Because the Twins have had mixed success at the big league level during the last five years, they’ve made some sellers trades that have pulled prospects into the org from other systems. They cover the complexes pretty heavily and have been ready to pounce when the opportunity to do so has presented itself, most recently by plundering Byron Chourio from the Marlins. Even when they’ve made deals from a place of neutrality, like the Arraez/López trade, they’ve tended to get multiple prospects back in return, which has helped keep the system fairly deep. This is despite the buyers trades they made for relievers at last year’s deadline. In particular, the four-for-one swap with Baltimore that netted Jorge López cuts pretty deep right now because Yennier Cano is out-pitching López on his own so far in 2023. The Twins clearly had holes to fill last year and you have to give up something to get something, but you shouldn’t give up something, something, something, and something.
Minnesota is once again leading a weak division and is in position to add to the big club at the deadline.
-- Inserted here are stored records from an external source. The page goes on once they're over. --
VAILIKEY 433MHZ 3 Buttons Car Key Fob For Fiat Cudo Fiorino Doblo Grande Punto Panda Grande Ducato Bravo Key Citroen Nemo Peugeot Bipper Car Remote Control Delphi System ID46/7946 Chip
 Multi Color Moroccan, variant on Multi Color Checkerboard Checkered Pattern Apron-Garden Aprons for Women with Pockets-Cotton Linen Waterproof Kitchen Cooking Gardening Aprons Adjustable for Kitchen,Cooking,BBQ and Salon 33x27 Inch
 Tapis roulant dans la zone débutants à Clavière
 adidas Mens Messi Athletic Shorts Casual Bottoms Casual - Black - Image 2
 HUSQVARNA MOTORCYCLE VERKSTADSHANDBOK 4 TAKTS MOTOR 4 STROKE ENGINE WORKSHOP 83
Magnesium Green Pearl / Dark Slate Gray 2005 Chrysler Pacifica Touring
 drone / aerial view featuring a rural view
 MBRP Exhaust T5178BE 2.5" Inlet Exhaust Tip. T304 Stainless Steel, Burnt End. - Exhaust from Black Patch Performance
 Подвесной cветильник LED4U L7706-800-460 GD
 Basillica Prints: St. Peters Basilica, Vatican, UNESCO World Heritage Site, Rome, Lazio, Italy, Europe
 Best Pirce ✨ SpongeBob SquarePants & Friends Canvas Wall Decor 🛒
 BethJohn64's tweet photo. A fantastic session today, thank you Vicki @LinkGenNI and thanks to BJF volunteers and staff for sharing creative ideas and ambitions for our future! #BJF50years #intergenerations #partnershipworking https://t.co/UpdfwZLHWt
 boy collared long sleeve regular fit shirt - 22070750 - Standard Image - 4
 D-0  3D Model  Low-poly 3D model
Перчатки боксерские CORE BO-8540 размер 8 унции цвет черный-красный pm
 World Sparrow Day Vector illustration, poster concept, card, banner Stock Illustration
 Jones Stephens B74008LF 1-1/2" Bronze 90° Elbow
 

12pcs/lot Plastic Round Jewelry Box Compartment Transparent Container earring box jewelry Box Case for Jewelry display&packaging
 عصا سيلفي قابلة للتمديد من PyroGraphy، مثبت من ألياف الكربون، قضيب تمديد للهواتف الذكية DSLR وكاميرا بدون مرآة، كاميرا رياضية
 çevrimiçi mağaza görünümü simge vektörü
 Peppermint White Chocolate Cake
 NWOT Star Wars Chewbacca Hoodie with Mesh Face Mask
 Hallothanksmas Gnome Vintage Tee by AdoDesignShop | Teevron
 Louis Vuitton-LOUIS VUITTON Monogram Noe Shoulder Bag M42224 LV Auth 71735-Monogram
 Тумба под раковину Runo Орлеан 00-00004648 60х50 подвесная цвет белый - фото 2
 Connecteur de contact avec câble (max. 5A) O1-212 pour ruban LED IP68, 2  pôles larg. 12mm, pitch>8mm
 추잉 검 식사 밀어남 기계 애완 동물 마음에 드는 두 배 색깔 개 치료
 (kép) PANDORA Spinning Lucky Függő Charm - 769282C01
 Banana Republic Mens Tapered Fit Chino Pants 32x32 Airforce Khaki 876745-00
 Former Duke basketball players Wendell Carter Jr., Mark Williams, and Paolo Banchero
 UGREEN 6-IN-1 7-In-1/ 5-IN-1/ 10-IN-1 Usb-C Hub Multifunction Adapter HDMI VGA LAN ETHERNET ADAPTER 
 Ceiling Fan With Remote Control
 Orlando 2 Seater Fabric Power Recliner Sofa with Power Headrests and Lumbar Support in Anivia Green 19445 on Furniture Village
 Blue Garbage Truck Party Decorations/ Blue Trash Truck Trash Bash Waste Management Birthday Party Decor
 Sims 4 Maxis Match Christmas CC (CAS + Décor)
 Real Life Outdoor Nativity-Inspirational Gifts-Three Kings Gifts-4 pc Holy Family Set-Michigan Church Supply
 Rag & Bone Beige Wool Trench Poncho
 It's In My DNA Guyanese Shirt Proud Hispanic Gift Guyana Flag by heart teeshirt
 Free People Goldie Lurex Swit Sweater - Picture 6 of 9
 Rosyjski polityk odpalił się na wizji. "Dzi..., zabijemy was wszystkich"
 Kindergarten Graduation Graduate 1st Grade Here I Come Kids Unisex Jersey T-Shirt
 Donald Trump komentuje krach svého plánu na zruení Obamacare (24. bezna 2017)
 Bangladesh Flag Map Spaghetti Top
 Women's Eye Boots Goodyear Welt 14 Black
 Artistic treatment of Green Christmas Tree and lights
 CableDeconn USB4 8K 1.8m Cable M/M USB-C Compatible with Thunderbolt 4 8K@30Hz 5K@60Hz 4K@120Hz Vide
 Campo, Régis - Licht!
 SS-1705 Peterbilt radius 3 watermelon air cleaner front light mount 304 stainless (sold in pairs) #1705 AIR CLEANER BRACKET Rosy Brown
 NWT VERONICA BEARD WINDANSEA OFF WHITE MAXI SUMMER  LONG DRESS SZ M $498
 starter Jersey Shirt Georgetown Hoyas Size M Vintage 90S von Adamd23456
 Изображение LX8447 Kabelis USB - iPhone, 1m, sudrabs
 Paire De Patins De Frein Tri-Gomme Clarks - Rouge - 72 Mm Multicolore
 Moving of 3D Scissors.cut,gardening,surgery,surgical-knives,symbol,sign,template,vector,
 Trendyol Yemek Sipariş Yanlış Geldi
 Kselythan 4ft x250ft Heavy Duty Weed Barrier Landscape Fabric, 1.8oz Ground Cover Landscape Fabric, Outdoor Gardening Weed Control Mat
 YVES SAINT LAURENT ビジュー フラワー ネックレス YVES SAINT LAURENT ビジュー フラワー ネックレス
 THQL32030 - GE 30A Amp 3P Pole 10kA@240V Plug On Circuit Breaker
They are flush with fairly young, left-handed hitting power bats who aren’t “prospects” anymore, but the group that includes Trevor Larnach, Alex Kirilloff, Matt Wallner, Edouard Julien, and 30-year-old Max Kepler strikes me as the well most likely to be drawn from in trade discussions because of their collective redundancy. The optionable starters on the 40-man are similarly deep.